[Web page caption snippets]

——————

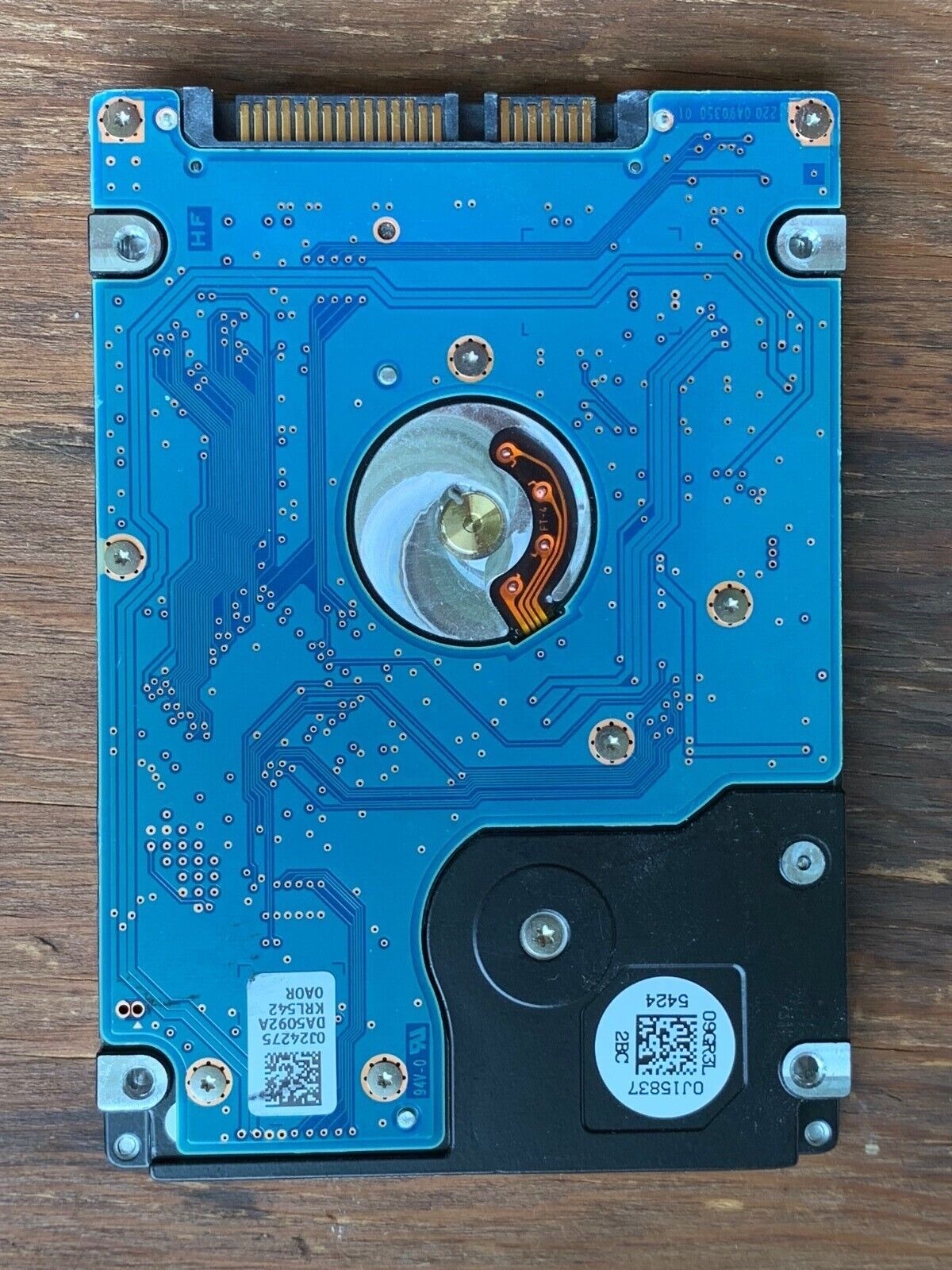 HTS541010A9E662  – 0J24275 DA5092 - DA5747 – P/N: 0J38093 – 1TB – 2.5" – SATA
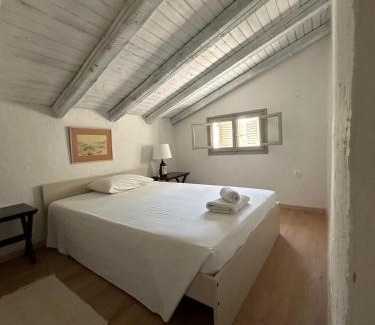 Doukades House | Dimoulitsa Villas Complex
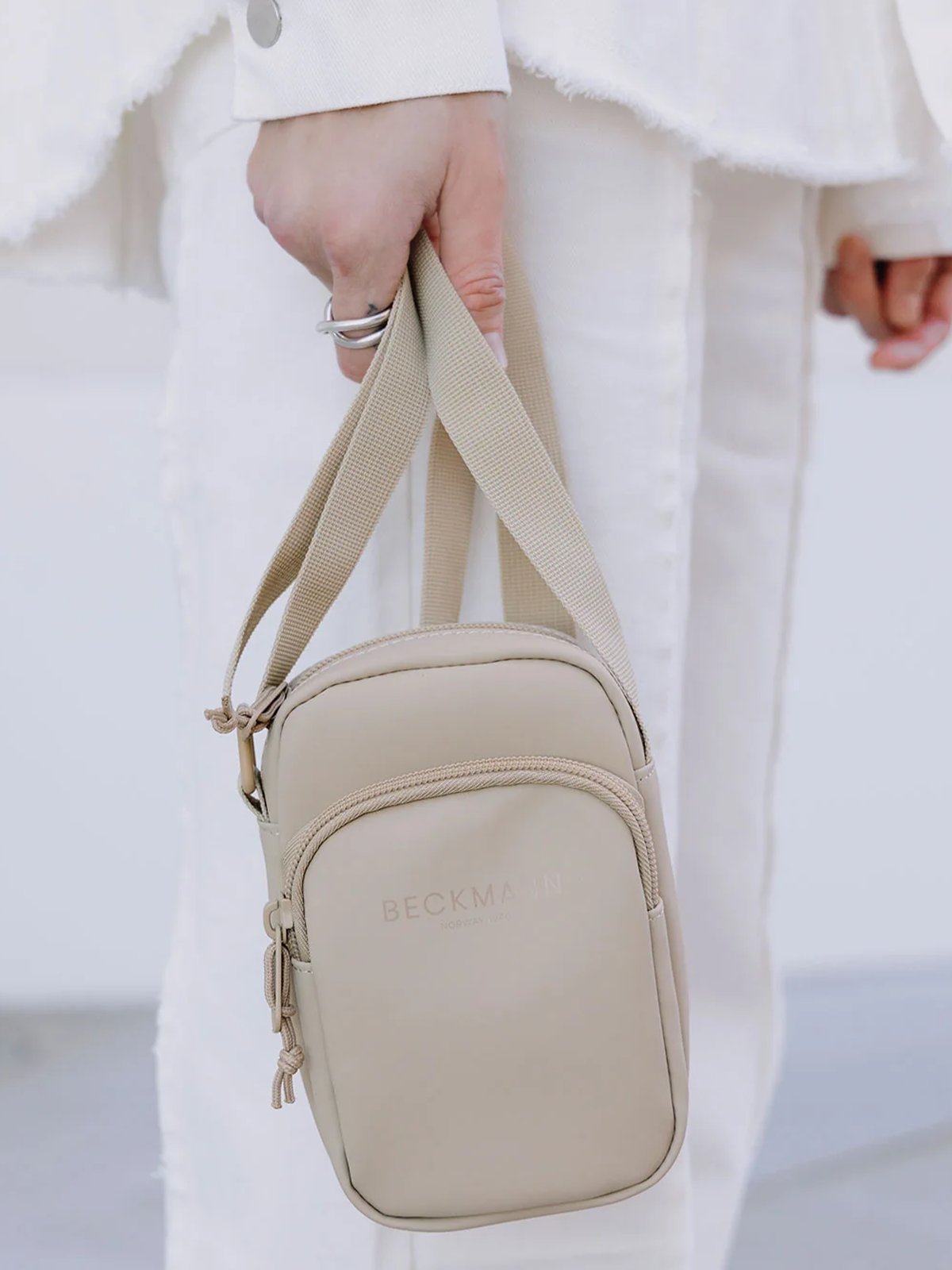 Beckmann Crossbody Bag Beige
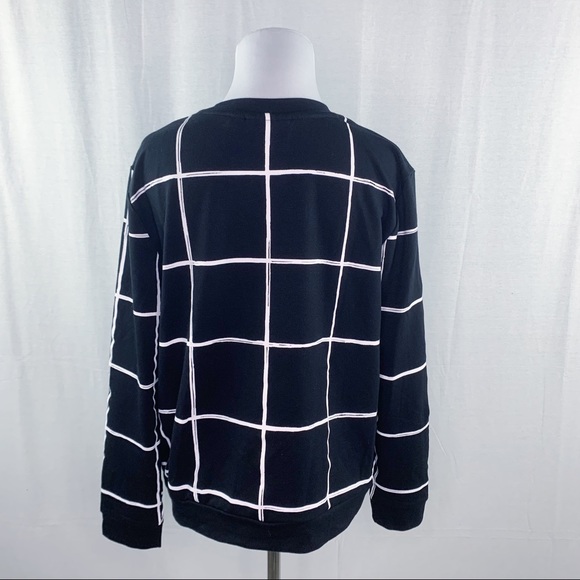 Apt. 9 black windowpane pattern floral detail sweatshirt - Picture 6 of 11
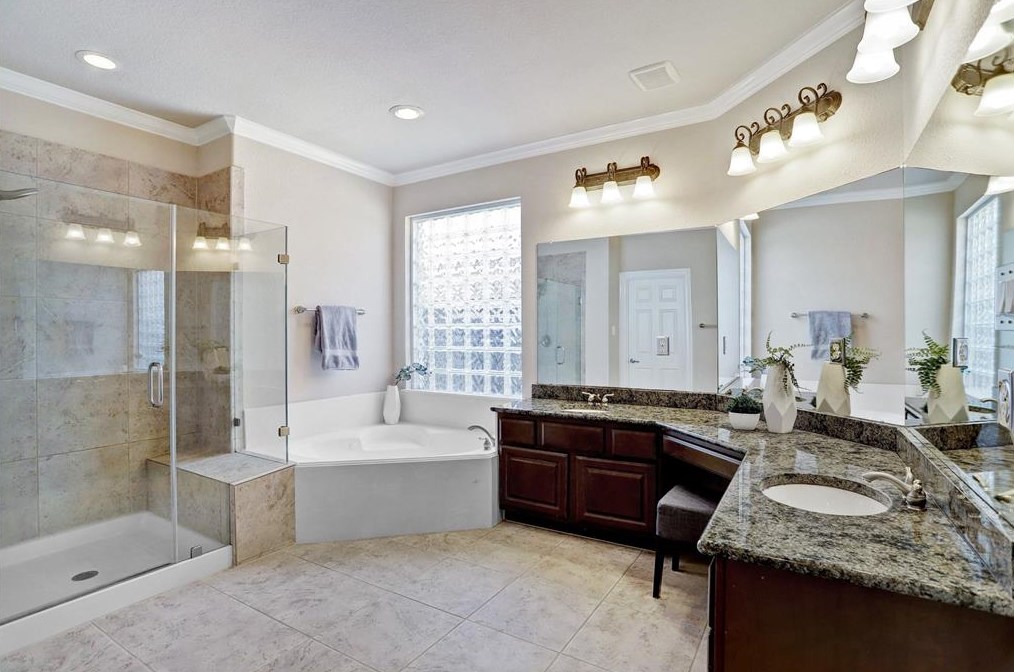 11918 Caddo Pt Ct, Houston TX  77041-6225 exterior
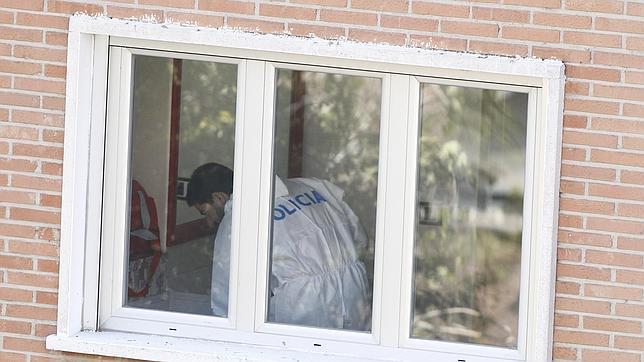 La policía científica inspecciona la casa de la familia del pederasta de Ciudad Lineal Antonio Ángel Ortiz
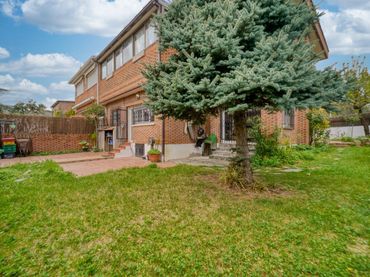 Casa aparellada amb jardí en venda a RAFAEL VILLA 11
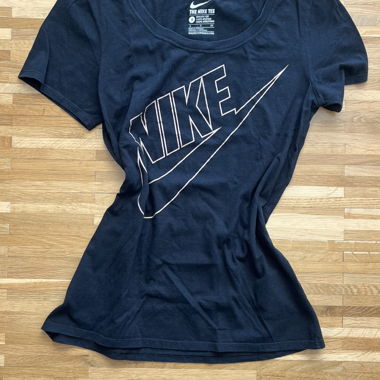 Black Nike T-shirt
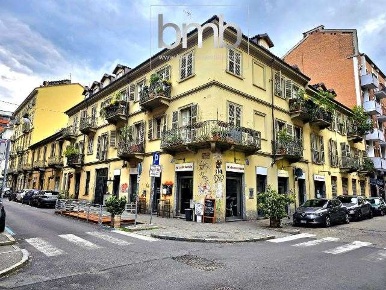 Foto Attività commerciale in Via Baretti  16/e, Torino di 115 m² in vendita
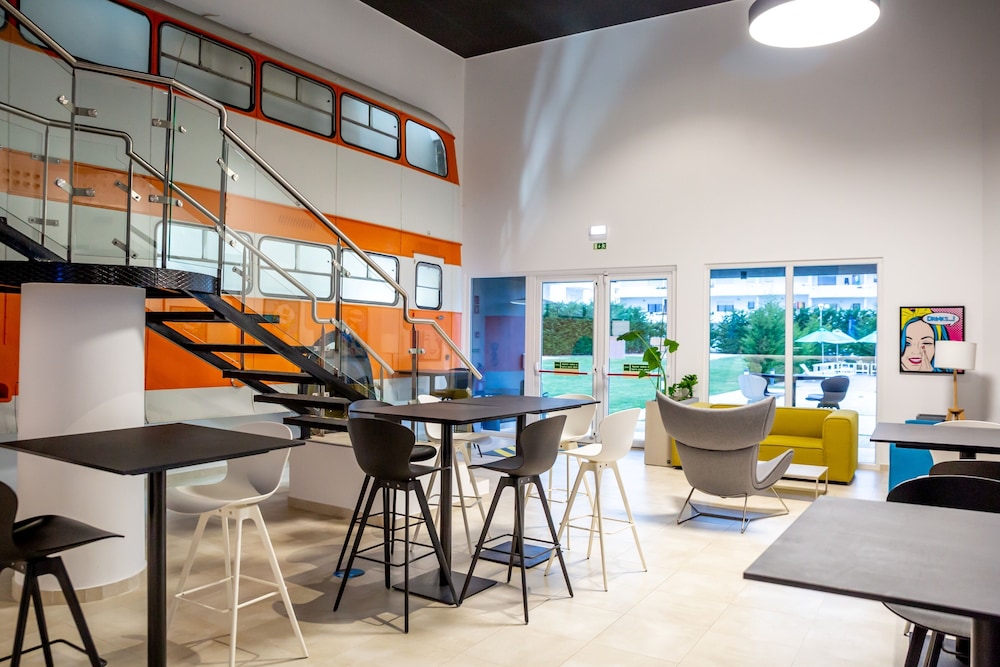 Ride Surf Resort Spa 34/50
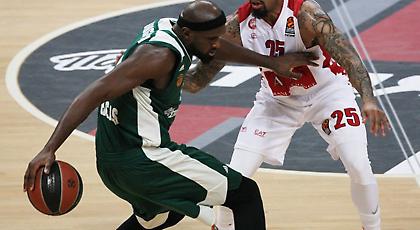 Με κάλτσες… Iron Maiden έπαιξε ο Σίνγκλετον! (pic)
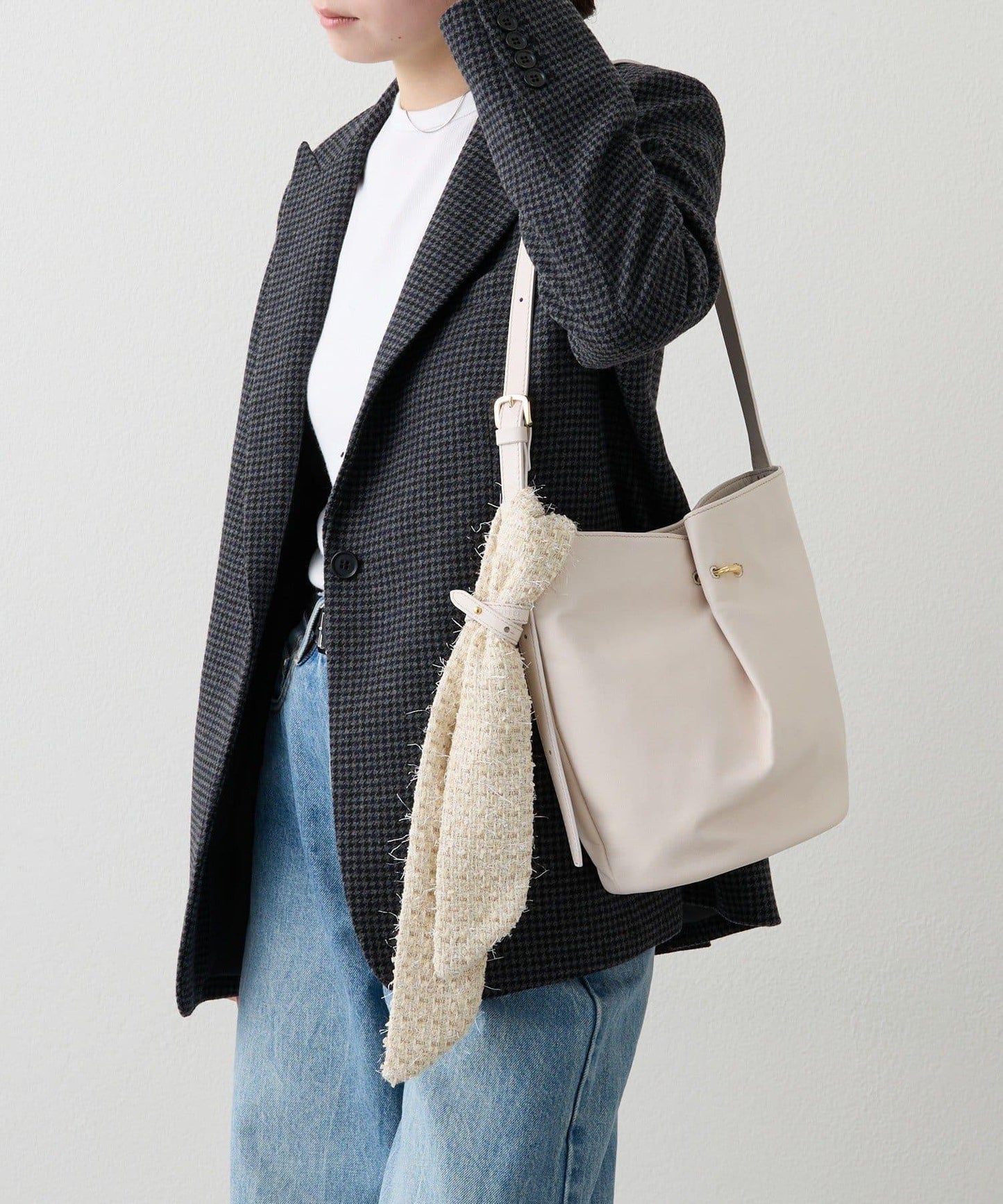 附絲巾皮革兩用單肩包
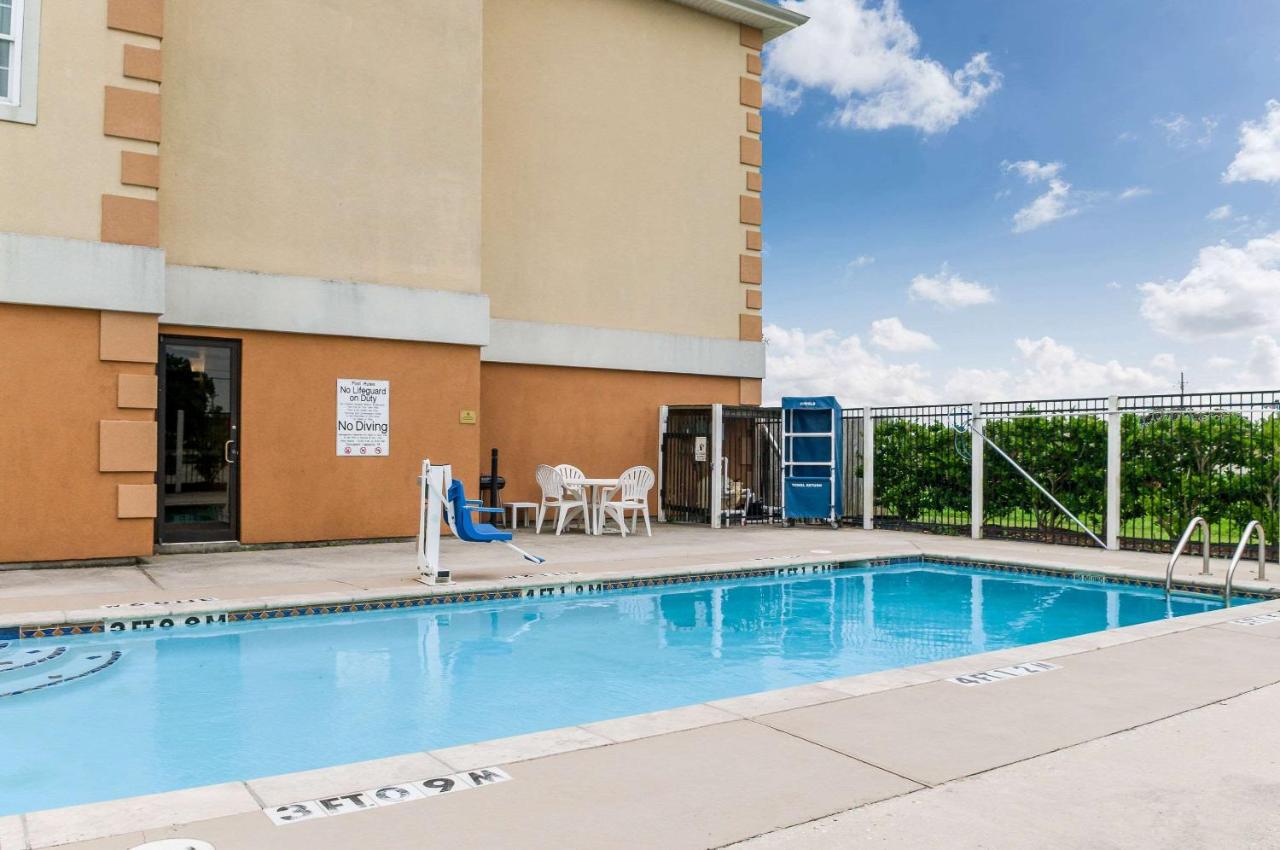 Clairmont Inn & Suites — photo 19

——————

**WHAT THE EXERCISE ASKS**.
Reproduce only the lines from the line that holds "Doukades House | Dimoulitsa Villas Complex" through the end of the records, exactly as they stand, both ends included and pictures excluded.

**REPLY**.
 Doukades House | Dimoulitsa Villas Complex
 Beckmann Crossbody Bag Beige
 Apt. 9 black windowpane pattern floral detail sweatshirt - Picture 6 of 11
 11918 Caddo Pt Ct, Houston TX  77041-6225 exterior
 La policía científica inspecciona la casa de la familia del pederasta de Ciudad Lineal Antonio Ángel Ortiz
 Casa aparellada amb jardí en venda a RAFAEL VILLA 11
 Black Nike T-shirt
 Foto Attività commerciale in Via Baretti  16/e, Torino di 115 m² in vendita
 Ride Surf Resort Spa 34/50
 Με κάλτσες… Iron Maiden έπαιξε ο Σίνγκλετον! (pic)
 附絲巾皮革兩用單肩包
 Clairmont Inn & Suites — photo 19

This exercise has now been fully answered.